Going on a beta blocker is standard procedure when very suppressed. Lots of people do it and I did it once because my heart was always racing. Of course mine was due to anemia to find out later. But at any rate, the beta blocker really does calm you down and slow down the heart rate. It wasn't that bad.

But I think you could still do some T4 medication adjusting before you get to that point.

 

[Tinker'n'Fun]

Hello everyone. I don't usually post but do read. I have Hashimoto's thryoiditis, had my total thyroid removed at pre-cancerous, and have been pretty normal ever since.

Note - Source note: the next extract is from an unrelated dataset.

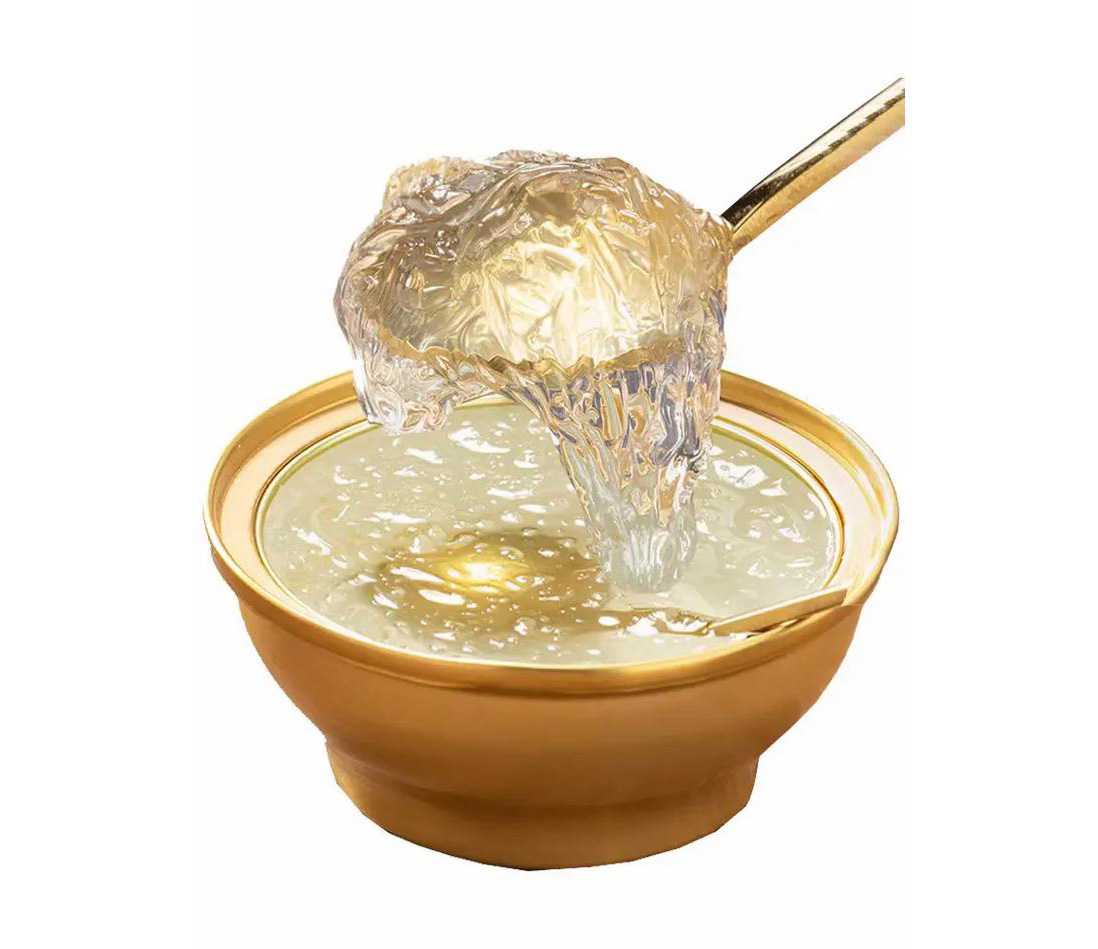 燕窩量產(chǎn)新紀元：全自動鋁箔碗封裝機如何破解高端滋補品工業(yè)化密碼？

Lately I have been really blah, tired, weight, sweats, etc. They are upping my synthroid from .137 to .150. This is the first change is many years, so I am a bit out of the loop.

I know you all are very educated.

So my levels are off and DH will bring home the results (he had an appt today). Am I Hyper or Hypo, as I would like to look up the symptoms and try to fit the problems I have been having to the thyroid so I can then concentrate on the others. I have been having a really hard time and I thought it was just perimenopause.

Thanks everyone!

 

[mrsklamc]

Hello everyone. I don't usually post but do read. I have Hashimoto's thryoiditis, had my total thyroid removed at pre-cancerous, and have been pretty normal ever since.

Lately I have been really blah, tired, weight, sweats, etc. They are upping my synthroid from .137 to .150. This is the first change is many years, so I am a bit out of the loop.

I

Sorry with the sweats I would say hyper. Do you know how you've been sleeping? I don't sleep well when hyper and then I'm always tired. The rest of the symptoms could be either. Gaining weight seems counterintuitive, but some people feel driven to eat more when hyper.